Through her wayward, lovingly drawn characters and breathtaking twists of plot, A. S. Byatt illuminates the effervescence of intellectual and social life in 1960s Britain.
A. S. Byatt was educated at York and at Newnham College, Cambridge. She taught at the Central School of Art and Design and was senior lecturer in English at University College, London, before becoming a full-time writer in 1983. She is a distinguished critic and reviewer as well as a novelist.
Pamela Garelick was born in England. She acted in fringe theater there before coming to the United States, where she has worked as a voice-over artist in television and radio and as an audiobook narrator. Now living and working in Greece, she records, translates, and edits voice-overs from all over the world as well as narrating audiobooks in a small studio in her Mediterranean garden. She also paints silk clothing, bakes for the local cafés, and teaches newcomers the Greek language.
Reviews
“A bold, brainy eulogy to the late ’60s…Byatt’s clashes between the intimate and the intellectual make for a raucous, lively work.”

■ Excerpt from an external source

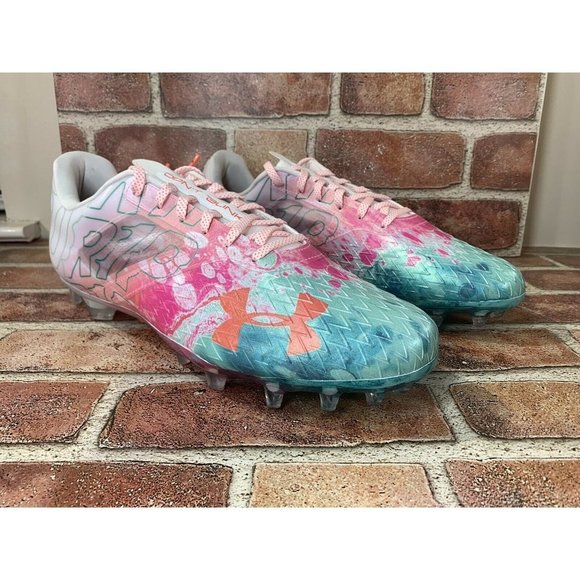 Under Armour Blur Lux Le Drip Mc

“Rich, acerbic, wise…[Byatt] tackles nothing less than what it means to be human.”
“With consummate skill and inventiveness, [Byatt] creates a large cast of characters who shine with intelligence and individuality.”
“Rich in metaphor and glancing allusion, it is a tale of learning and anti-learning, sects and cults, the complex sexual relationships of humans and snails...A Whistling Woman, like its predecessors, is predominantly a novel of ideas. Not about politics, foreign or domestic, but about philosophy, psychology and literature; the excitement of genetics and computer science edging towards their breakthrough.”
“Byatt, like George Eliot and Doris Lessing, aims to show in her fiction the exemplary struggle between self-consciousness and the precepts of culture…a beautifully realized, smart novel.”
“Gloriously complex, extraordinarily dramatic, and diabolically clever, Byatt's tour de force, a descendant of Shakespeare, Milton, George Eliot, and Lewis Carroll, is fueled by penetrating inquiries into the nature of story and metaphor, the workings of the mind, and the mystery of love.”